Ellen Rowe Quartet with Special Guest Ingrid Johnson
From the stop action photo of a water drop in a still pond to the last lingering chords of this disc, the Ellen Rowe Quartet creates a mood of calm and introspection that is the highest and best use of the clarinet, piano, and bass. Each song is as carefully crafted as a miniature still life, and each comes with a small paragraph explaining how or why it was written. Sometimes you want a back story or a map of the artistic path, but for this collection of 10 tunes, the experience of the music transcends the mundane details of who arranged what or played what or what they thought — rather, sit down with this disc for the essence of Jazz, not its lecture hall aspects.
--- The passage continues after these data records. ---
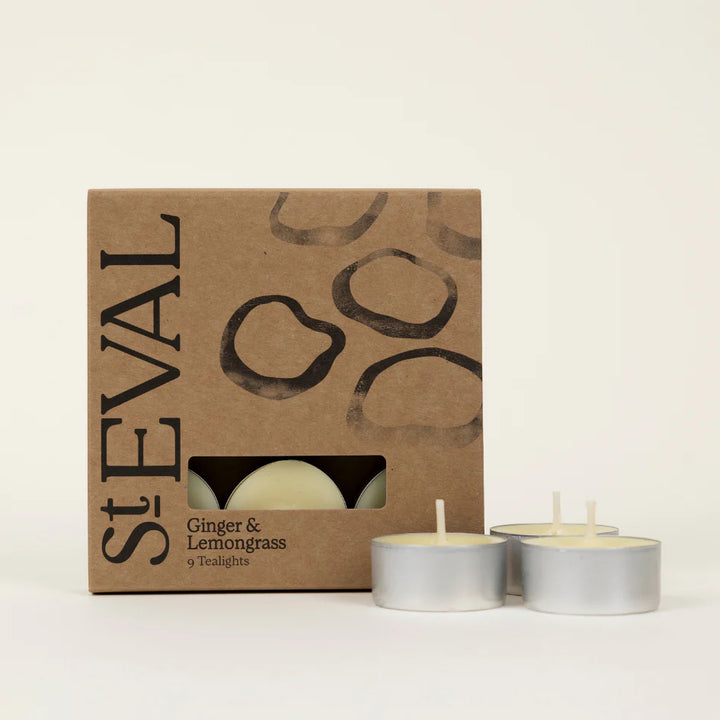 Set of two Ginger and Lemongrass scented tealights by St Eval, with warm glowing candles in clear containers.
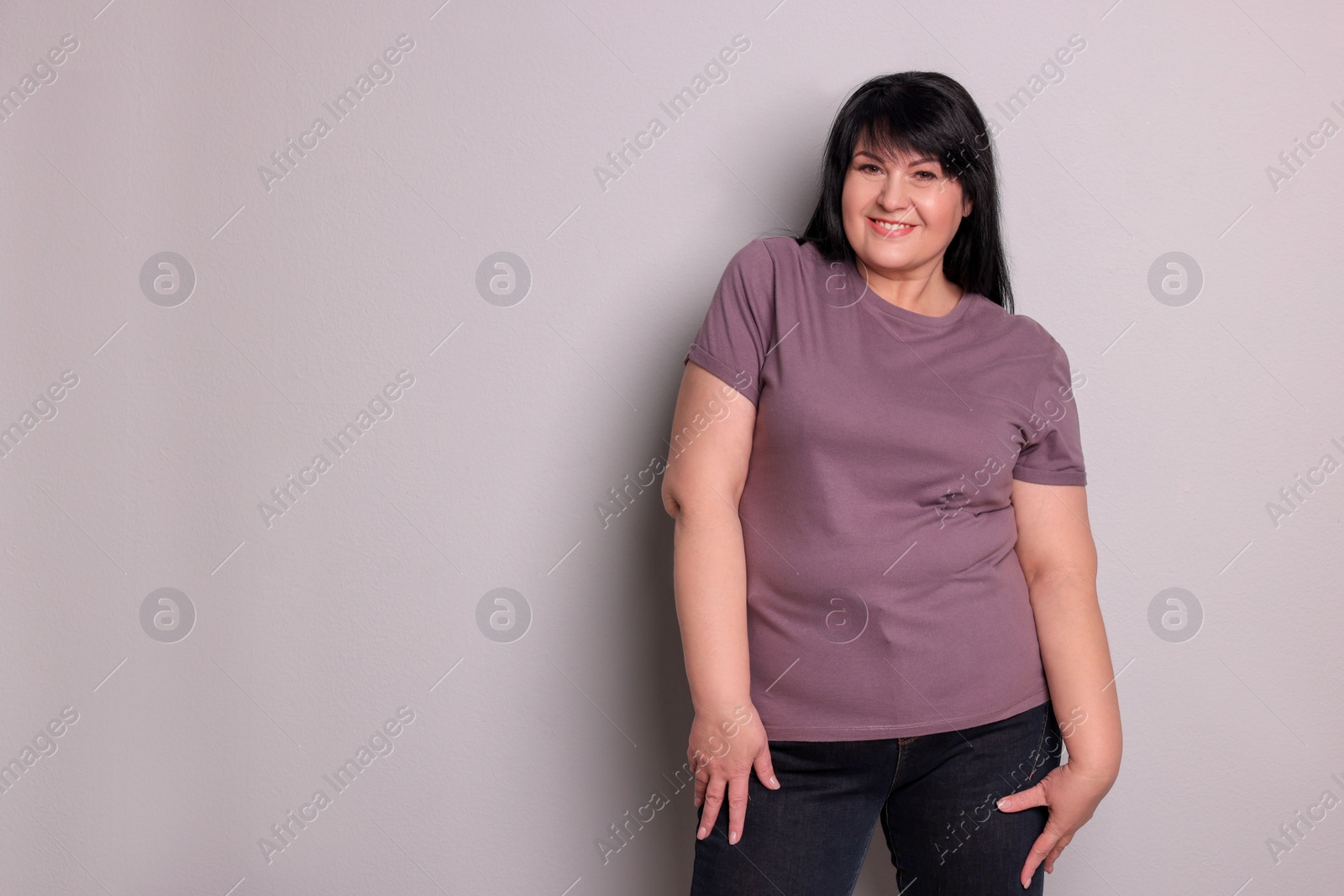 Photo of Beautiful overweight mature woman with charming smile on light grey background. Space for text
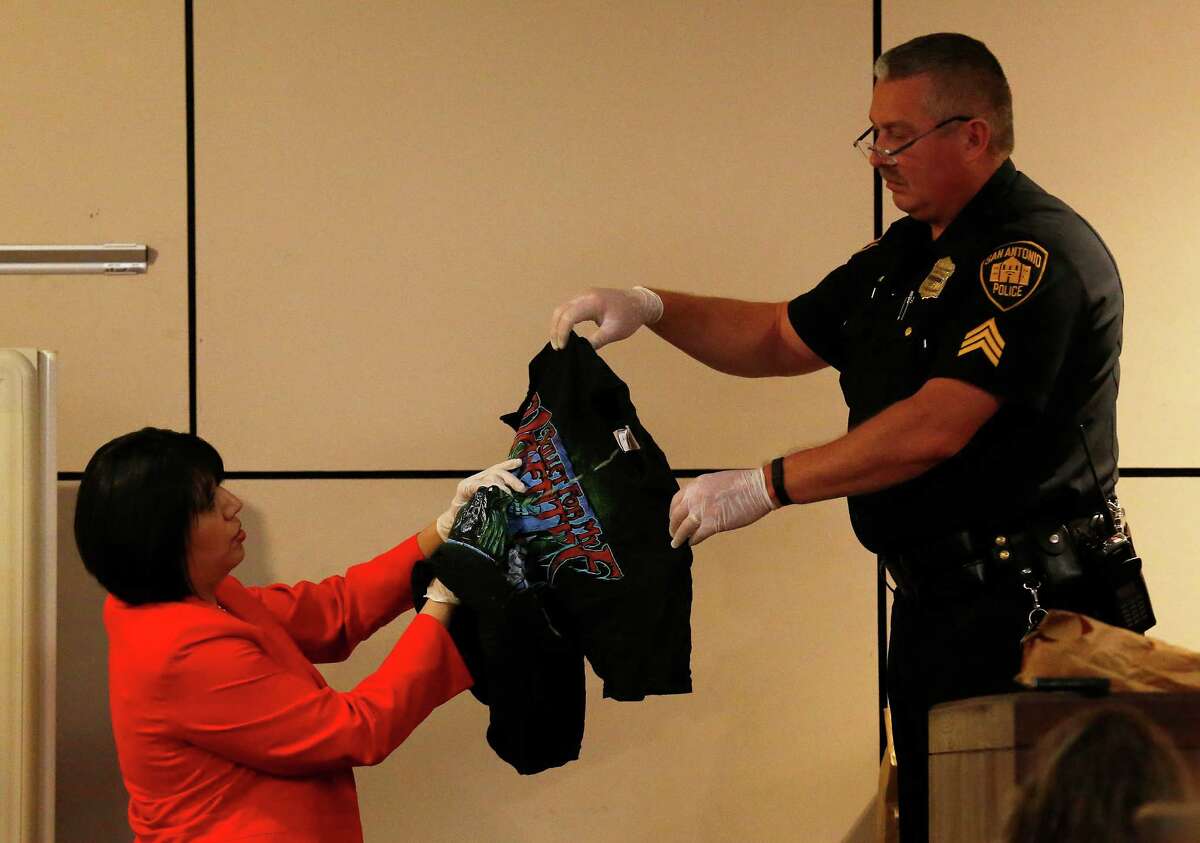 San Antonio Police Sgt. Ricky David Lopez (right) holds up a shirt belonging to murder victim Daniel Lee Cantu during questioning from prosecutor Kimberly Gonzalez (left) during the Anthony Lee Smith murder trial in the 186th State District Court with Judge Jefferson Moore presiding on Thursday, Mar. 10, 2016. Smith is alleged to have shot Cantu and the shirt is marked with yellow-dashed lines to indicate the entry point of the bullet wound. (Kin Man Hui/San Antonio Express-News)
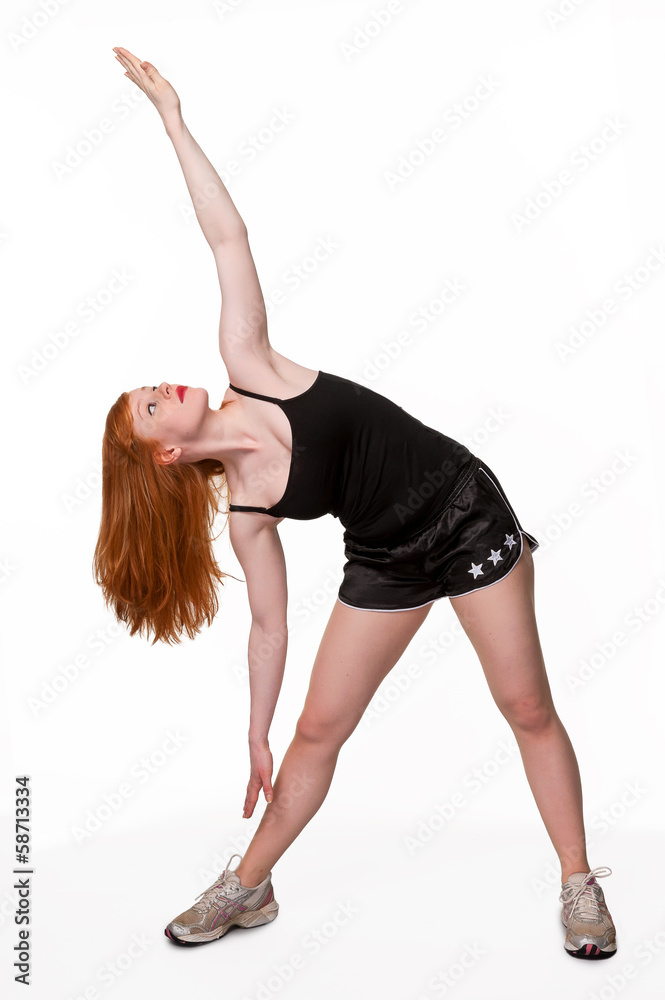 Athletic woman exercising - on white Athletic woman exercising - on white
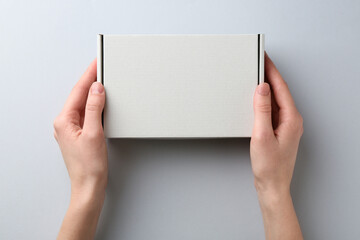 Woman with blank cardboard box on white background, top view. Mockup for design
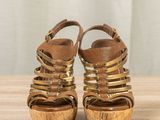 an image of a pair of women ' s sandals on a wooden table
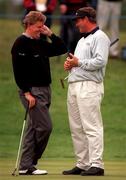 4 July 1997; Colin Montgomerie, left, of Scotland in conversation with Darren Clarke of Northern Ireland on the 18th green during the second round of the Murphy's Irish Open Golf Championship at Druid's Glen Golf Club in Wicklow. Photo by Brendan Moran/Sportsfile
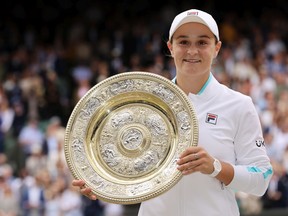 Ashleigh Barty of Australia holds the Venus Rosewater Dish trophy after winning her Ladies' Singles Final match against Karolina Pliskova of The Czech Republic at the Wimbledon tennis championships in London, U.K., on July 10, 2021.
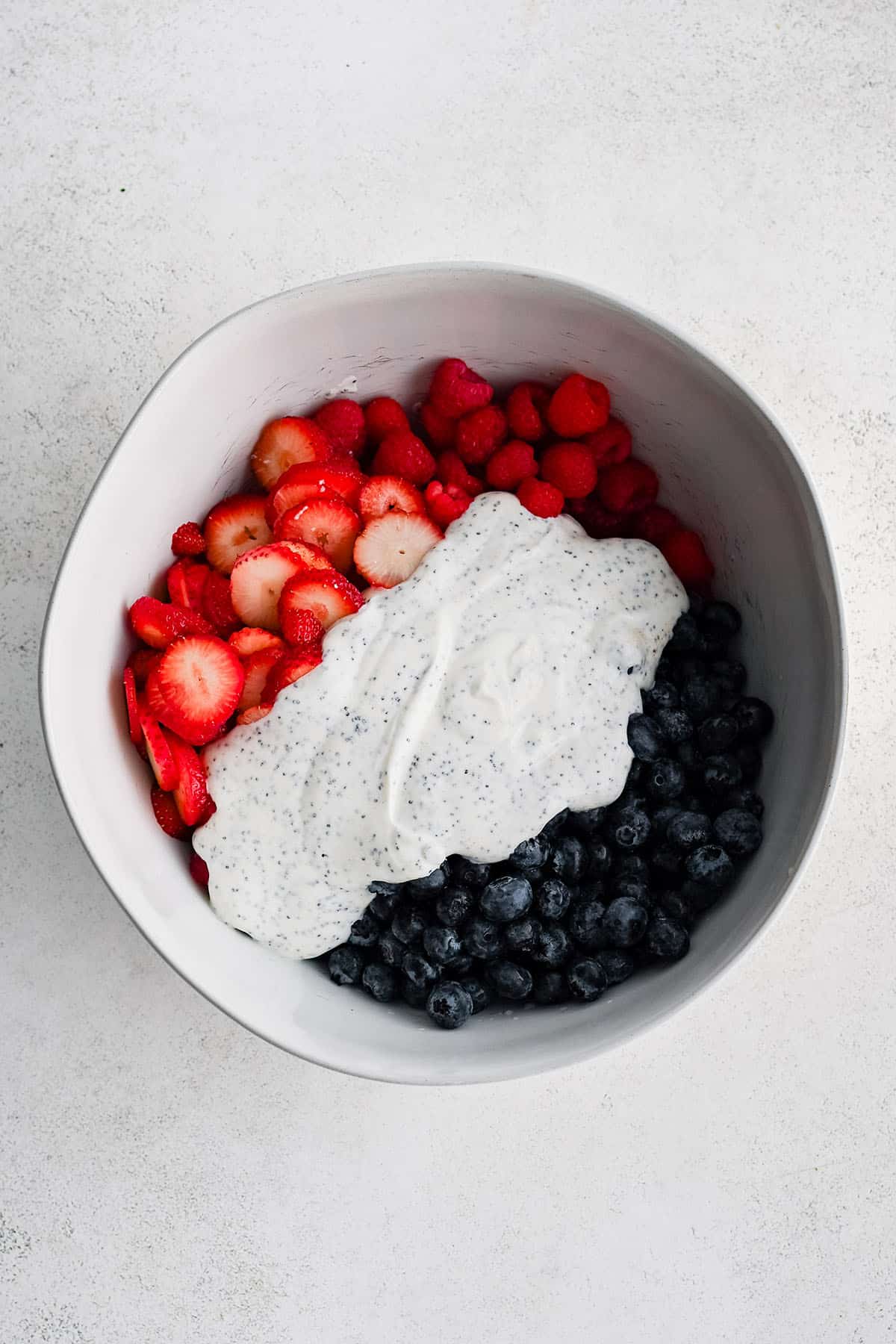 ingredients to make berry salad in a bowl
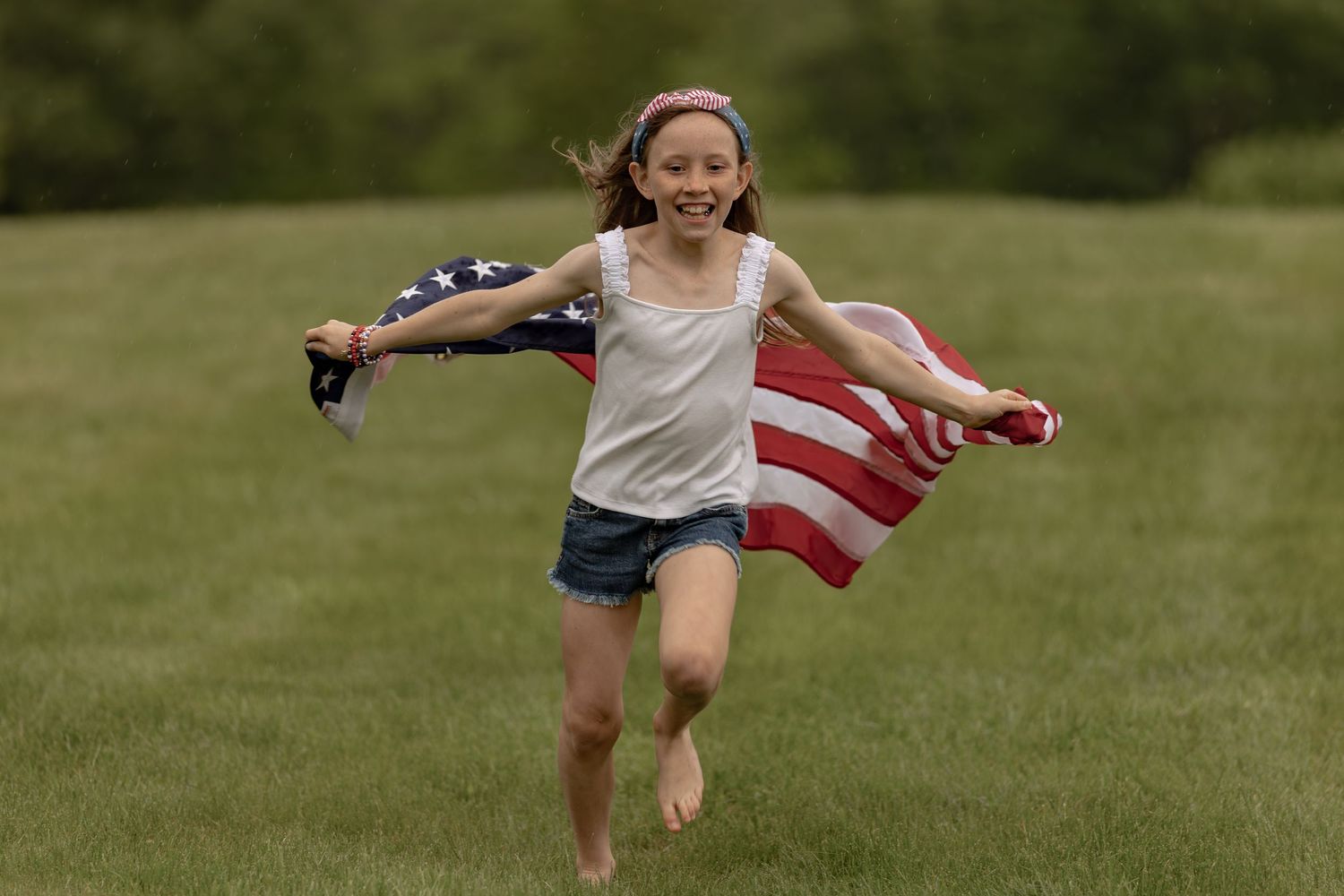 A joyful young girl runs barefoot across a green field, holding an American flag behind her.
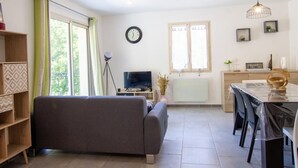 A modern living room with a grey sofa, a TV, and a dining area with a table and chairs.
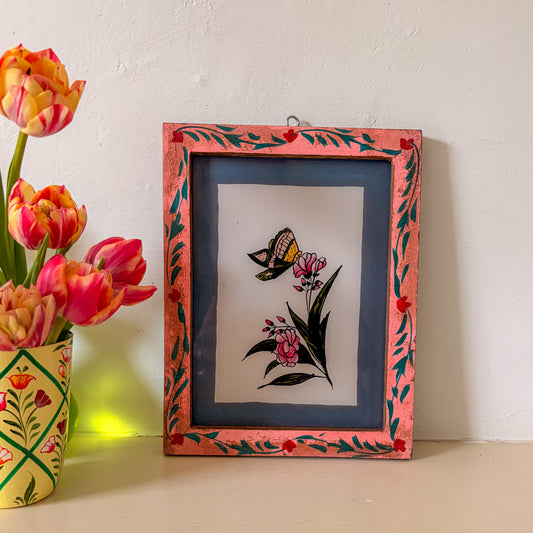 Framed artwork with a butterfly and flowers next to a vase of tulips on a white wall.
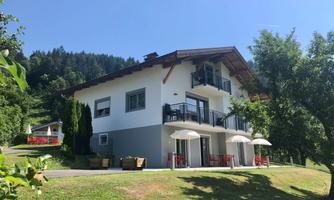 A modern, two-story house surrounded by green landscape. Umbrellas and garden furniture are ready on the terrace.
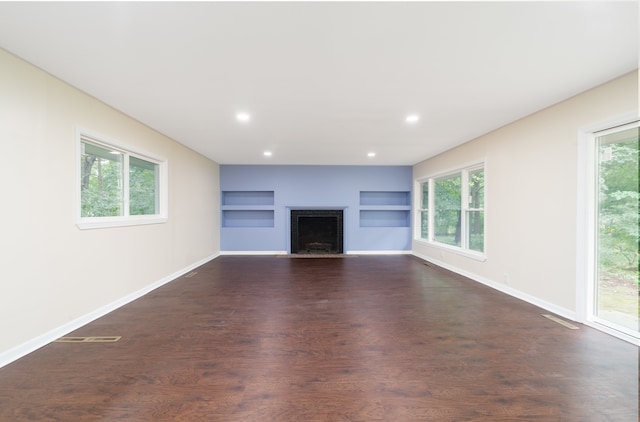 unfurnished living room with a fireplace, dark hardwood / wood-style flooring, and a healthy amount of sunlight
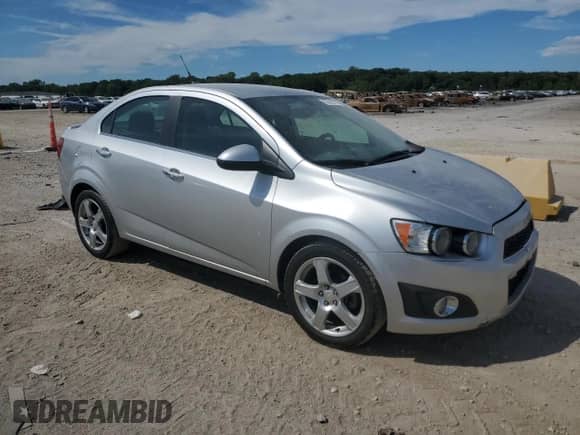 2014 Chevrolet Sonic LTZ with VIN 1G1JE5SB6E4200911, listed as a Copart auction lot 70312775 with 97,202 mi miles and Salvage title. Bid and sale history available at DreamBid. Image 4.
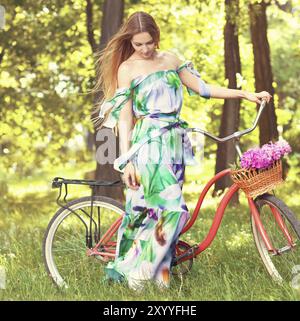 Schöne blonde Frau, die ein schönes Kleid trägt und Spaß im Park hat, mit dem Fahrrad, das einen schönen Korb voller Pfingstrosen-Blumen trägt. Vintage-Landschaft. Schön Stockfoto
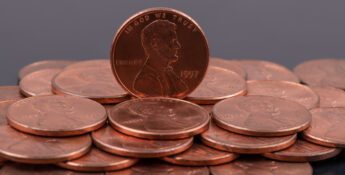 A group of U.S. one cent coins, with one 1997 penny standing upright among others lying flat on a dark background.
Female jazz musicians are as rare as female heavy metal drummers, but there’s no good reason for that. Rowe teaches at Ann Arbor and has studied under some of the greats, and her compositions and arrangements are some of the best I’ve heard in the last decade. Opening this disc is “For That Which Was Living, Lost,” an ode to Rachel Carson’s “Silent Spring” with a subdued Ingrid Jensen on flugelhorn. It begins simply and quietly as a walk in the meadow, and gradually adds and subtracts musical elements, much as a nature walk will pass through various ecosystems, each unique but all magically tied together. A few tracks later we stumble into the 4/4 signature of “Tick Tock,” a carefully structured number that goes back to the Art Blakely style of half a century ago. Musical styles come and go, but a few dig so deeply into our collective conscience that they never fade away completely. Another noteworthy track is “Alone Together,” the only track on this disc not of Ms. Rowe’s work. Its relaxed counterpoint feels optimistic and hip, and ties up one of the coolest cool Jazz discs around today. While the century old art form of Jazz may not be tearing up the charts like hip hop and electronica, it’s shown that it has the legs to innovate in the new century, and Ms. Rowe and her friends are whipping out solid, enjoyable material that builds on the shoulders of giants.